Re: Open Source vs. Closed Source [ was Re: [fw-wiz] FirewallThroughput ]


From: Chris Calabrese <christopher_calabrese () merck com>
Date: Sun, 17 Sep 2000 14:41:34 -0400

I think this is a very touchy subject, and the proper way of doing things
depends greatly from one situation to the next.

In the best of all possible worlds, you inform the vendor, they work with you to

come up with a fix, they distribute the fix widely, and life is good.

In the real world, experiences vary greatly by the vendor's actual commitment to

security and their sliminess factor.  In the best cases, things go something
like the above.  In most cases they require gentle prodding of the vendor at
each step of the way.  In the worst cases, the vendor starts out by claiming
that their product isn't the problem and that you've obviously done nothing
wrong.  You then have to convince them by setting up a demonstration for them
that is very similar to the type you might use for the press.  Next, they tell
you they've place it on their development list and that they will eventually
address it.  After a few months, you bug them some more and they tell you
they're working on it.  After that, the logical thing is to go to CERT, but they

usually won't release an advisory unless the vendor has a patch, so they're no
help either with an extremely slimy vendor.  After that, your only recourse is
to threaten to widely publicize the vulnerability and how the vendor tried to
ignore the problem.  Eventually, you may have to make good on your threat (at
which point, you're usually so angry that you want the vendor to receive the
worst possible press anyway).

Now, that doesn't mean you have to release exploit code or that you shouldn't
give the vendor a reasonable amount of time to react to each new development.

Doug Hughes wrote:

On Fri, 15 Sep 2000, amanda wrote:


You could always make an anonymous post to bugtraq and attach some exploit
code for the script kiddies.

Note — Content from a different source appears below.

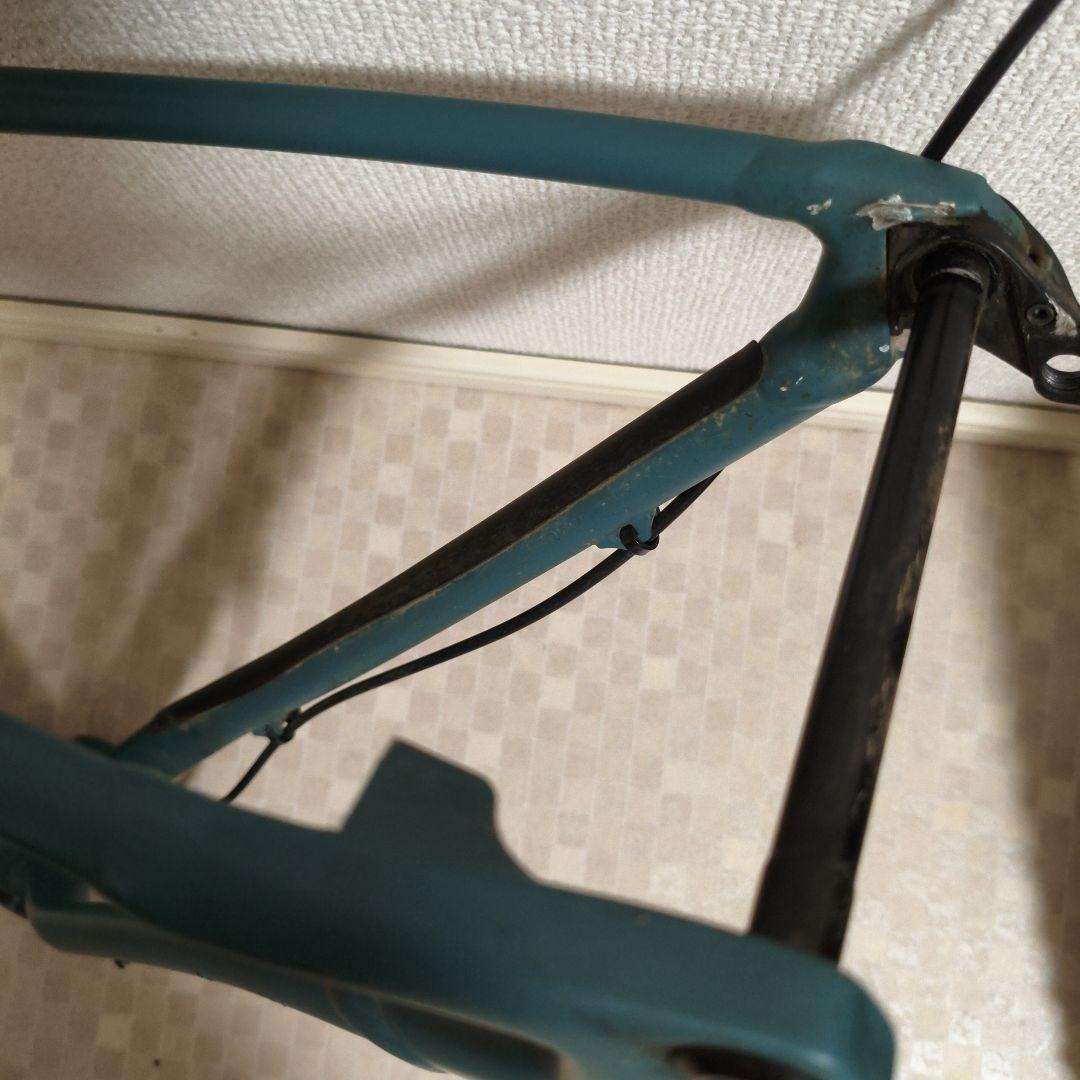 2020 SPECIALIZED CHISEL 29　フレーム　size　S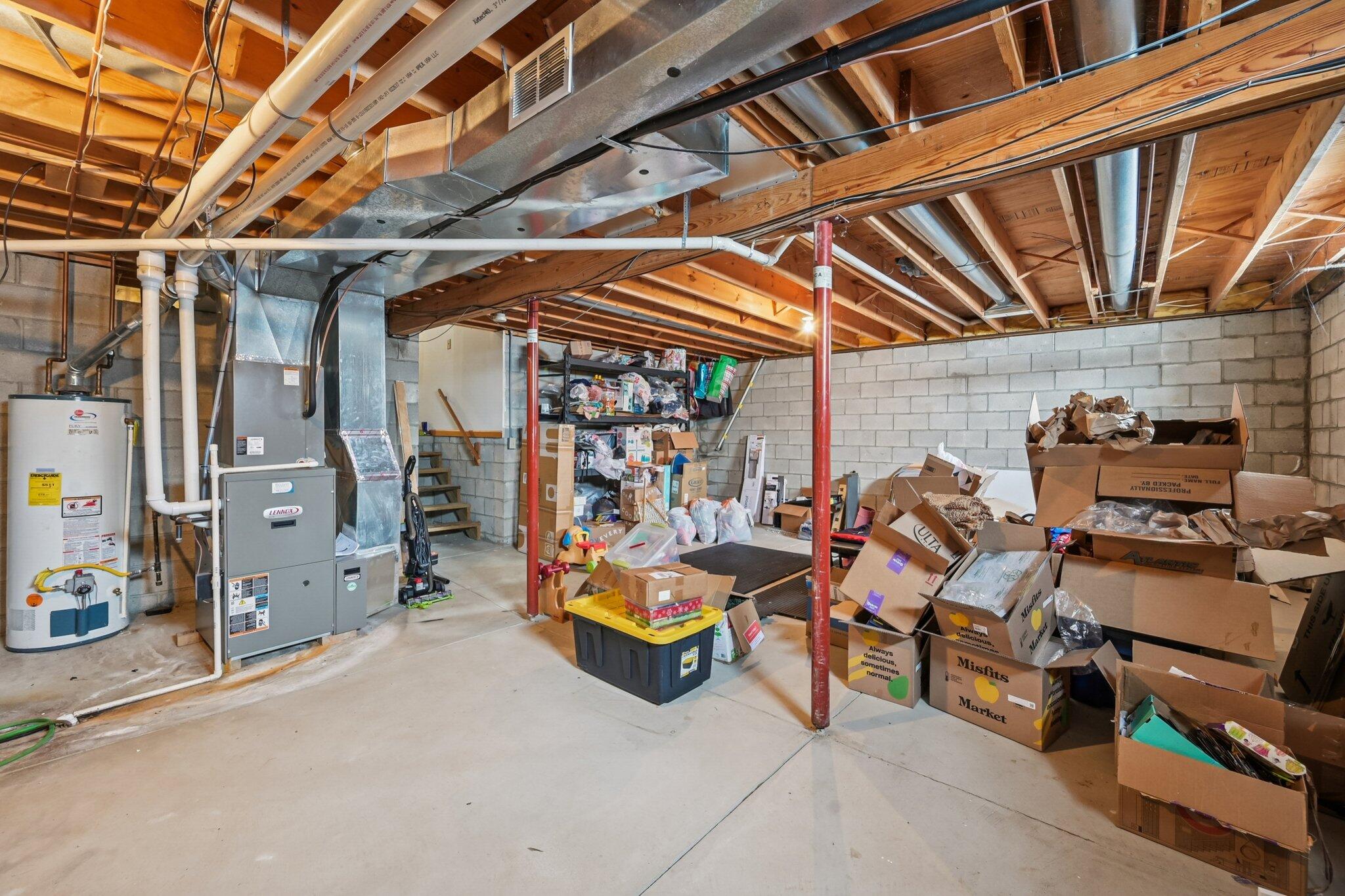 2720 Township Road 136, Bellefontaine, Ohio 43311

That should get the vendors attention. Or at
least it will make some other customers complain loudly to the vendor.

No no no! Please don't do this. This brings a knee jerk reaction and often
doesn't give time for proper regression testing of fixes. In the mean
time, the script kiddies can go blasting around to their hearts content.
Better to post a patch for the problem (if possible). That serves two
purposes: make the problem known, and fix it at the same time.


Just look at how Microsoft reacted to last summers IIS exploit from eEye.
For several days they completely ignored it until it turned up on bugtraq.
Then they fixed it in a few hours.

Doesn't mean that that's the right way to do it. It means that the vendor
has to take all of their resources that may be working on other important
security issues and preempt them for a quick and dirty fix.